Aylwin eBook

Theodore Watts-Dunton
This eBook from the Gutenberg Project consists of approximately 645 pages of information about Aylwin.

Aylwin eBook

Theodore Watts-Dunton
This eBook from the Gutenberg Project consists of approximately 645 pages of information about Aylwin.

As I picked up the letters that had been scattered from the casket, she said,

’I cannot get that dreadful curse out of my head; to think that the children of the despoiler should be cursed by God, and cursed by your father, and yet they are as innocent as I am.’

‘Best to forget it,’ said I, standing still, for I dared not move towards the debris.

‘We must get on, Henry,’ said she, ’for look, the tide is unusually high to-night.  You have turned back, I see, because Flinty Point is already deep in the water.’

‘Yes,’ I said, ’I must turn Needle Point with you.  But as to the sacrilege, let us dismiss it from our minds; what cannot be helped had better be forgotten.’

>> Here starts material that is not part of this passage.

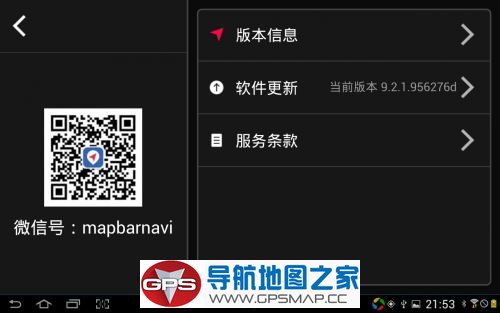 ͼ2017°׿浼9.2.1ʽ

I then cautiously turned the corner of the debris, leading her after me in such a way that my body acted as a screen.  Then my eyes encountered a spectacle whose horror chilled my blood, and haunts me to this day in my dreams.  About twelve feet above the general level of the sand, buried to the breast behind a mass of green sward fallen from the graveyard, stood the dead body of Wynne, amid a confused heap of earth, gravestones, trees, shrubs, bones, and shattered coffins.  Bolt upright it stood, staring with horribly distorted features, as in terror, the crown of the head smashed by a fallen gravestone.  Upon his breast glittered the rubies and diamonds and beryls of the cross, sparkling in the light of the moon, and seeming to be endowed with conscious life.  It was evident that he had, while groping his way out of the crypt, slung the cross around his neck, in order to free his hands.  I shudder as I recall the spectacle.  The sight would have struck Winifred dead, or sent her raving mad, on the spot; but she had not turned the corner, and I had just time to wheel sharply round, and thrust my body between her and the spectacle.  The dog saw it, and, foaming with terror, pointed at it.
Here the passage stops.